30 décembre 2010
(Copyright Jacques Thomet)
Aucun homme censé, avant le maléfice,
Ne tiendra à jouer le rôle de Cassandre.
A la terreur chacun préfère l’artifice
De croire que le feu ne couve sous la cendre.
Dans la liste sans fin des qualificatifs
Dont on a, pour qualifier l’horreur, fait le jeûne,
On écarte : voyous, casseurs, ou inactifs,
Puisque dans les banlieues ce ne sont que des jeunes.
Pour avoir ignoré qu’avecque trois couleurs,
Le bleu le blanc le rouge, devant nos ennemis,
Son drapeau fut brandi, y compris par des Beurs,
La France hélas récolte, de son mépris le fruit.
Sur les tombes de nos héros, que nul ne crache.
Elles appartiennent à des pauvres plutôt qu’aux riches.

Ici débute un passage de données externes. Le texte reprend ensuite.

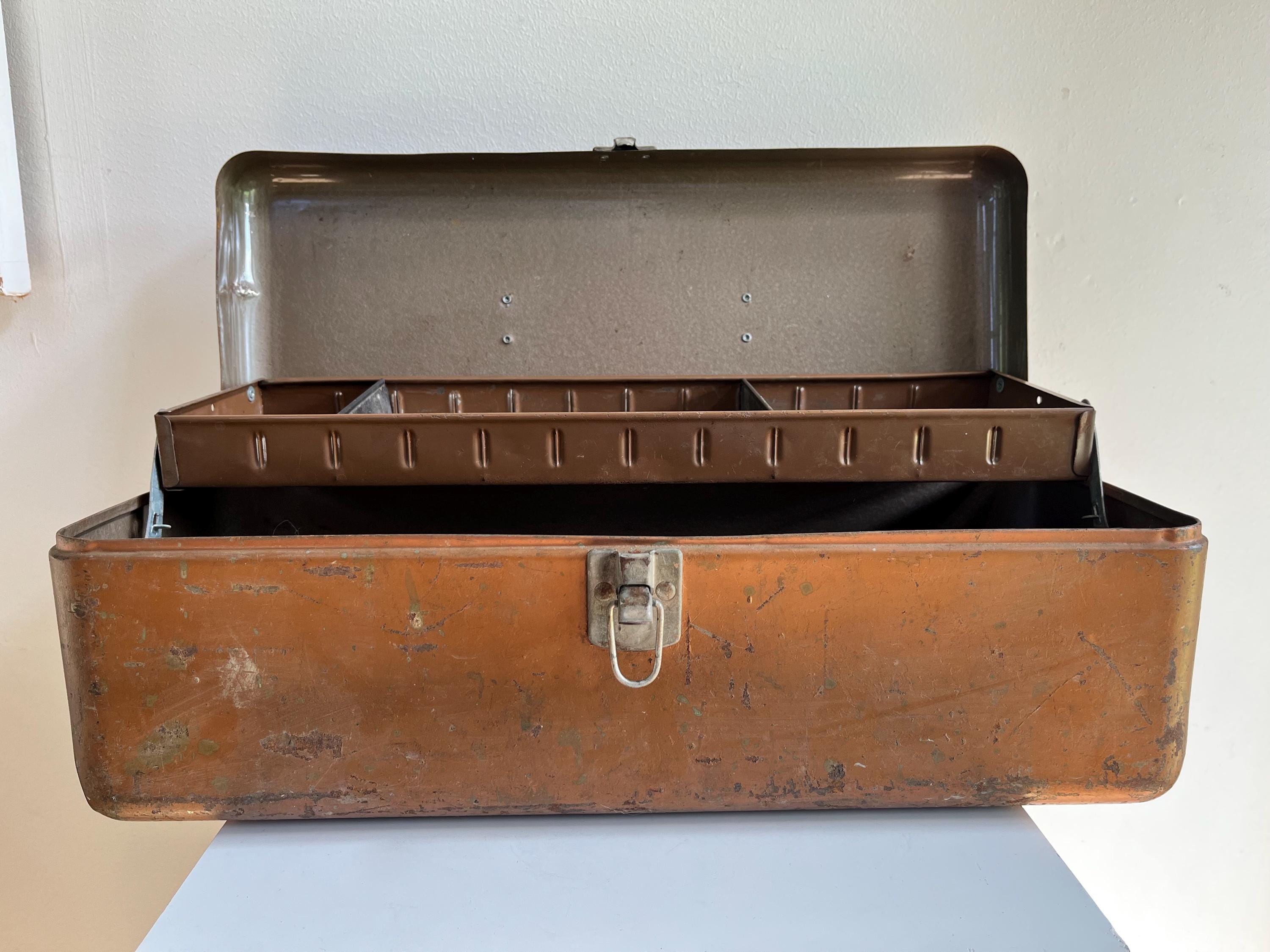 Old Brownish Gold Tool or Tackle Box with a Slide Out Tray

Si elles penchent vers la Mecque, il faut qu’on sache,
Que nos anciens féaux sont sortis de leur niche
Un matin de Quatorze, mais aussi de Trente-neuf,
Baïonnette en avant, prêts à se mettre en quatre,
Sans savoir que leur geste habillerait de neuf
Un pays à genoux qui ne sut pas combattre.
Qu’on me comprenne bien ! Les linceuls des martyrs
Baignent du même sang. Qui le dira impur ?

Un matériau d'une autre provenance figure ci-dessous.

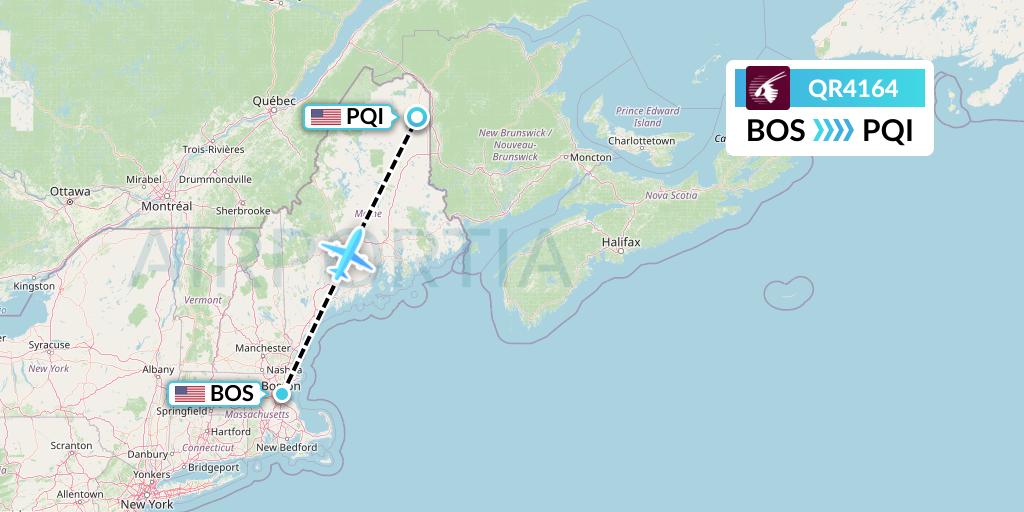 QR4164 Qatar Airways Flight Map: Boston to Presque Isle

Dans le carré des morts côte à côte ils expirent.
Musulmans et Chrétiens, contre Hitler ils en furent.
Venez au cimetière, à Rougemont (du Doubs),
Où sur les deux milliers de combattants enfouis,
Aucune différence n’habite les clous
Qui rivent leurs tombes à l’amour de la Patrie,
A part ce grand détail, je vous prie de me croire :
Catholiques et Juifs reposent dans l’entrée,
Quand tous les fils d’Allah, Rachid, Ali, les Noirs
Sont à l’arrière, alors qu’ils sont majorité.
Pour éviter de confesser que tu me glaces,
Un dernier soubresaut, France, tout à coup hérisse
Mon cœur, mes tripes et ma peau, jusqu’à cette race
En train de finir en vulgaire pain d’épices,
Que le premier renard, surgi du fond des bois,
Viendra avaler, en pourléchant ses babines,
Tant ta faiblesse, insigne, transformera en rois
Tous ceux qui, à ta gloire, préfèrent la rapine.
Un siècle après Lafargue[1], son Droit à la paresse
Triomphe, et dévide jusqu’à l’ultime maille
La passion de l’effort dans la commune liesse
Que suscitait jadis le respect du travail.
Je plains nos enfants, sur qui tombera la tuile
De payer à jamais, avecque du vinaigre
La faillite de nos élus, qui au lieu d’huiles,
N’auront jamais été qu’un ersatz de la pègre.